As a nod to the Japanese film genre, Swordplay has been renamed Chambara. Like the other activities in Switch Sports, it’s easy to learn and difficult to master – you use Joy-Con movements to attack and block incoming swipes, as you ultimately attempt to knock your enemy repeatedly backwards and off a platform. Attacks must follow the direction of an opponent’s block to land successfully, or you need to move when the other player isn’t blocking. Chambara can range from being tense and strategic to a manic clashing of blades, but it’s great fun regardless.
And then there’s the ultimate classic, bowling.

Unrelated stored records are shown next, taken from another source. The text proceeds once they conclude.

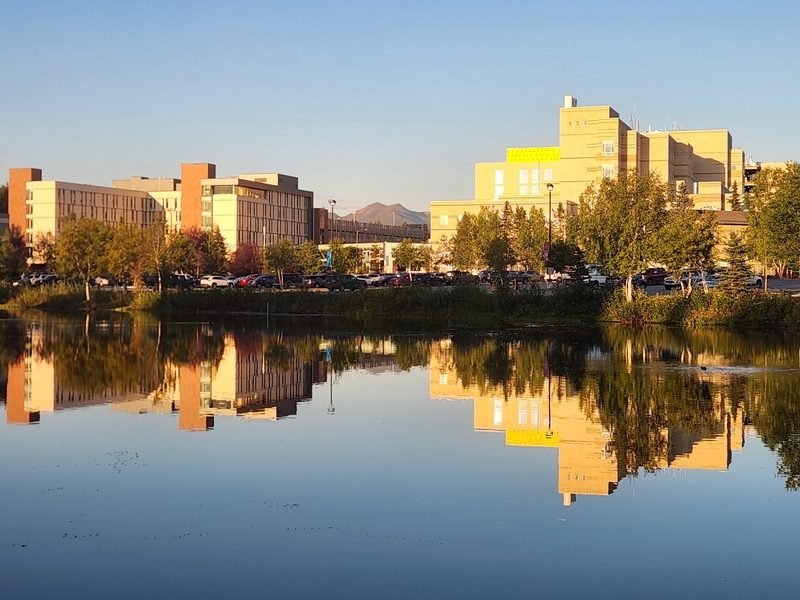 The Alaska Native Medical Center and other buildings on the Alaska Native Tribal Health Consortium campus in Midtown Anchorage are reflected in lake water on Aug. 26, 2026. (Photo by Yereth Rosen/Alaska Beacon)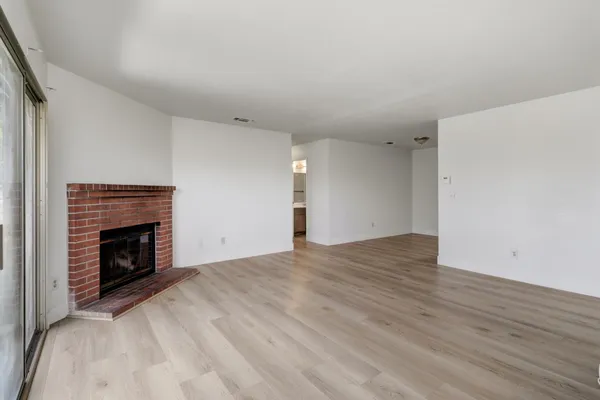 a view of empty room with wooden floor and fireplace
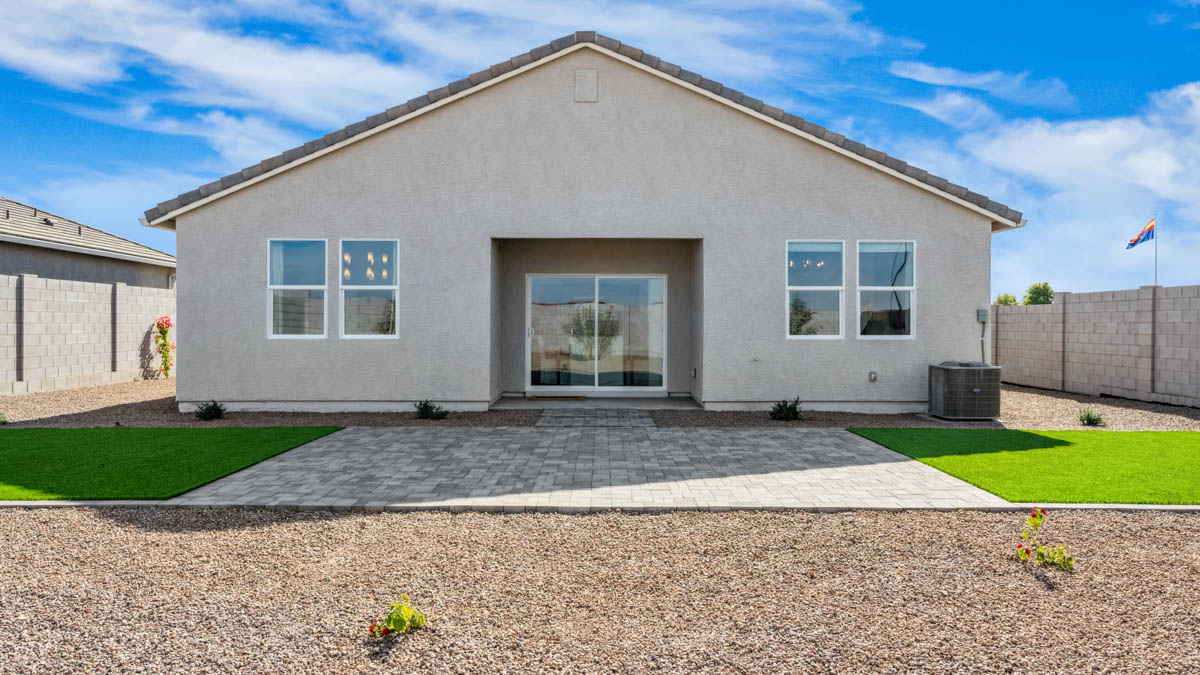 Explore The Dalton at Barnett Village in Marana, Arizona – a spacious 1,569 sq. ft. single-story new home designed to accommodate both comfort and convenience for modern living.  As you step through the front porch and into the welcoming entryway, you're immediately led into a thoughtfully designed space that maximizes every square foot. To the left, you’ll find Bedroom 4, ideal for guests or a home office, offering privacy and easy access to the main living areas.  Continuing through the home, you’ll enter the heart of The Dalton – an expansive great room that seamlessly connects to the dining area and kitchen. This open-concept space is perfect for entertaining or everyday family living, allowing for a fluid transition from cooking to dining to relaxation. The kitchen is equipped with sleek granite countertops, modern appliances, a walk-in pantry, and an island that doubles as a breakfast bar, providing ample space for meal prep and casual dining.  Adjacent to the great room, a hallway leads to three additional bedrooms, including the spacious master suite. The master bedroom offers a serene retreat with a large walk-in closet and an en-suite bathroom featuring dual vanities and a walk-in shower. The two secondary bedrooms share a well-appointed full bathroom, making it convenient for family members or guests.  The Dalton also includes a utility room that adds functionality and storage options to the home, as well as direct access to a two-car garage.  Step outside from the great room to the covered patio – a perfect spot to enjoy Arizona’s beautiful weather year-round, whether you’re sipping your morning coffee or hosting an evening barbecue.  Designed with energy efficiency in mind, The Dalton at Barnett Village is DOE Zero Energy Ready Home certified, ensuring long-term savings and a comfortable living environment.  *Images shown are for reference only. They depict the Dalton model home and may not represent the actual home.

It’s just as brilliant today as it was when Wii Sports made its debut in 2006, with options to change the angle of your swing, add spin, and other tweaks to your bowl. It also now comes with an added Special Mode that puts obstacles along the lane for you to bowl around for your strikes. It’s not quite a crazy golf take on bowling, but it’s close. It’s simplicity has always been its strength, and it’s a really great way to kick off the Switch Sports experience with someone who has never had a chance to try it.
Interestingly, Nintendo has already confirmed that there are more features coming later for Switch Sports. First, you’ll get leg strap support for the one-on-one and four-on-four football matches in Summer 2022, and then in the fall, the seventh sport – golf – will be added to the game. It’s an interesting way of distributing content, and feels more like features that weren’t quite ready for its April 29 release date than a meaningful roadmap for Switch Sports.

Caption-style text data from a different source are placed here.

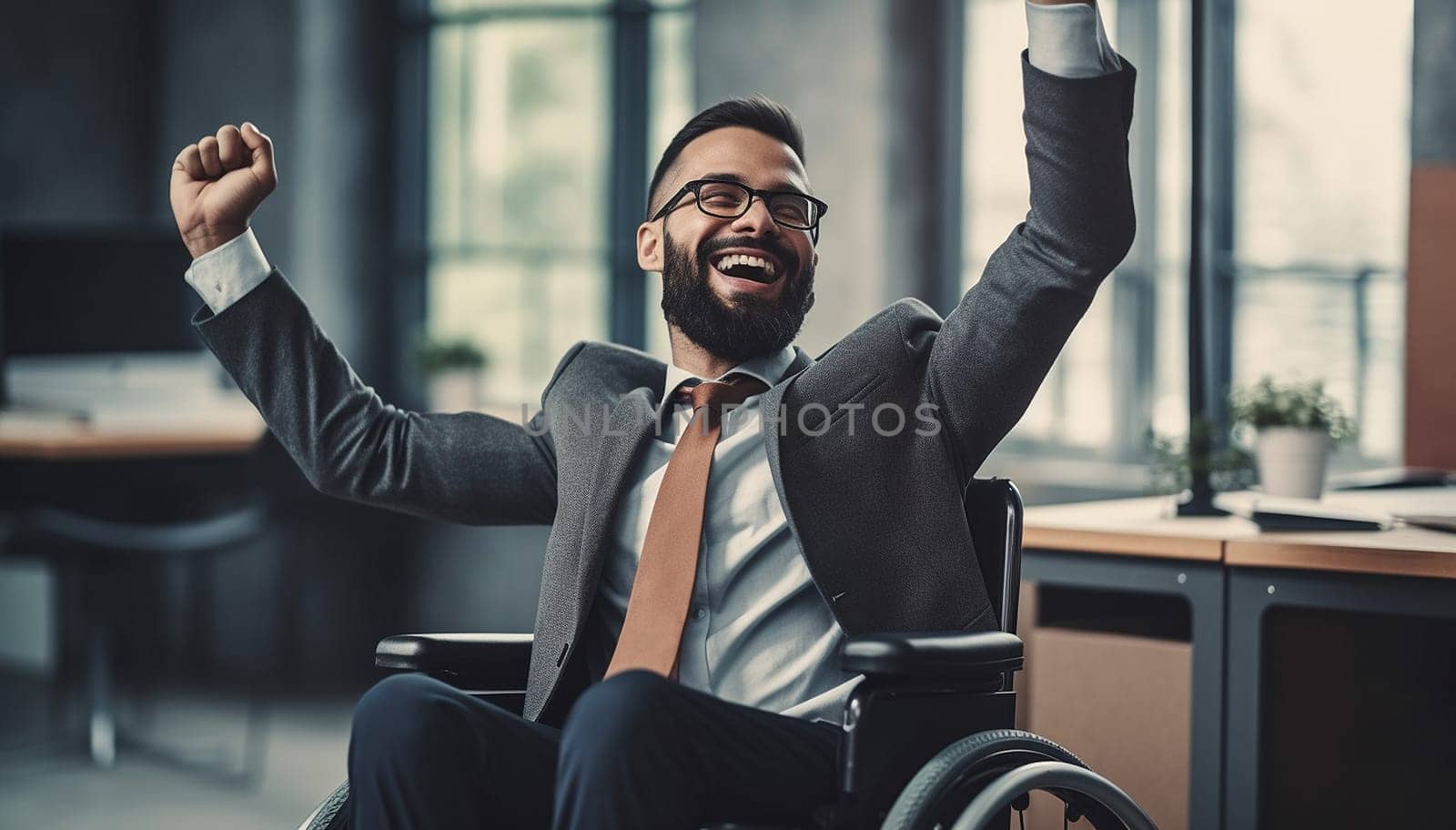 Portrait Of Young Happy successful Disabled business Man in Wheelchair wearing a business suit at the office. Cheering for victory and success modern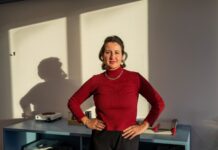 Blertë Berisha : « Depuis des années, nous constatons une fréquentation et une charge de travail constamment élevées dans les maisons d’accueil » foncé, portant un collier et un bracelet argentés. Elle pose les mains sur les hanches avec assurance devant un bureau bleu sur lequel reposent divers objets. En arrière-plan, un mur blanc est éclairé par la lumière naturelle, projetant son ombre de profil.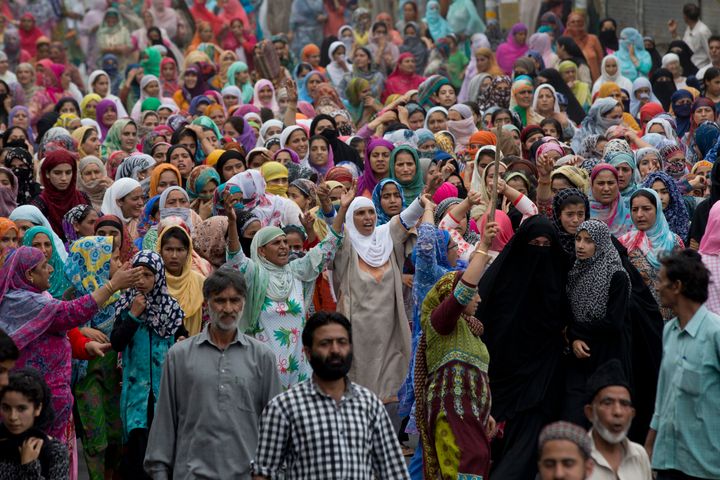 In this Friday, Aug. 9, 2019, photo, Kashmiri women shout slogans during a protest march in Srinagar, Kashmir. 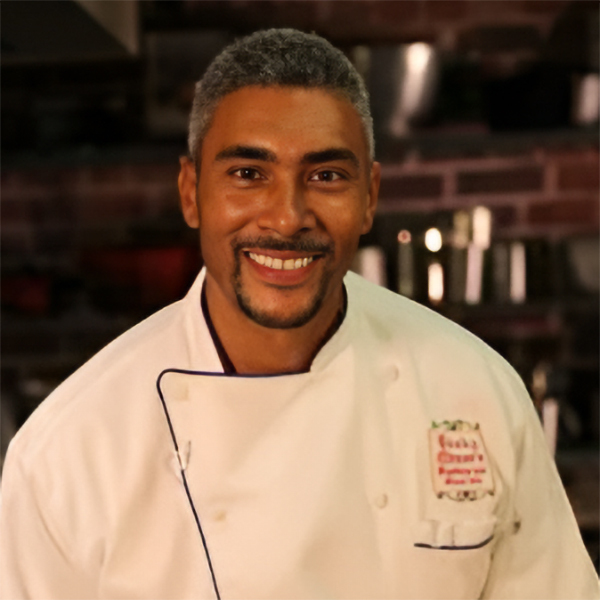 A chef with short grey hair and a beard is smiling in a kitchen. He is wearing a white chefs coat with an embroidered logo. The background features shelves with cooking utensils and a brick wall.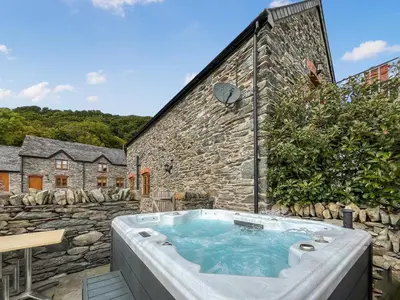 a hot tub in front of a stone building at Granary - Uk50617 in Corwen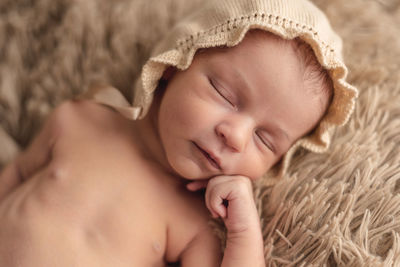 A newborn baby sleeping peacefully in a brown hat. newborn session concept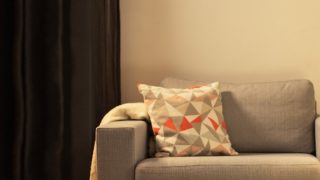 Cosy living room with modern LED table lamp, illuminating grey loveseat and creating warm ambiance for home relaxation.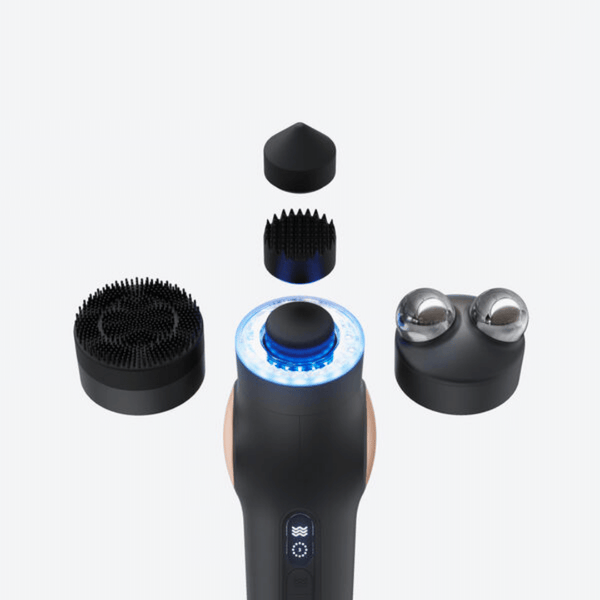 TheraFace PRO | Therabody device with four detachable black attachments designed for skincare and facial wellness, including cleansing, massage, and toning functions.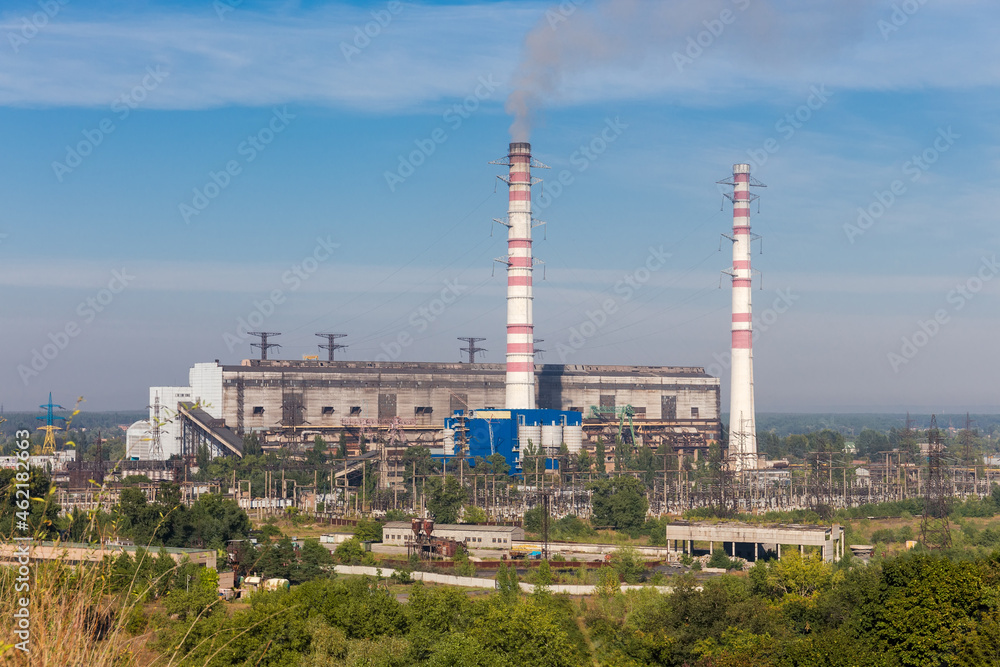 Fossil fuel thermal power station against the sky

Other new elements include character customization. Like with Mario Kart 8 and other titles, Nintendo has also moved away from Miis for Switch Sports too. Instead, you get a customizable character with a more realistic look, albeit still a rather adorable one. There are options for your face and hair, and some basic clothing color options to begin with, but online play will give you the opportunity to earn more cosmetic items.
And that’s where this review-in-progress comes in. At the time of writing, the online functionality for Switch Sports has yet to be switched on, so I’ve not had a chance to test out how the online multiplayer works. Playing online will not only ensure more replayability, but will also offer a weekly rotation of new clothing and gear to unlock for your character. Allegedly, the online mode will also offer some kind of achievements, which it really feels like the offline game is missing. After all, the online mode comes with the additional cost of the Switch Online membership.
So while nostalgia can get you so far, Switch Sports’ entire success really does hinge on your access to other players. While Switch Sports is fun for a while solo, it lacks incentives to carry on playing beyond just enjoying yourself, and the lack of variety to the locations you play in doesn’t help. It’s just one local, visually impressive Spocco Park. If you’ve got friends to play with of course – either locally or online – the enjoyment increases tenfold. So, for now, we’re holding full judgment until we can really test how it brings Switch Sports into the modern era, and how – hopefully – it elevates this nostalgia boost to something more than a new version of the Wii’s free launch game.
Nintendo Switch Sports officially launches on April 29, exclusively on Switch. We’ll update this review with a full verdict and score when we’ve had time to test the online features.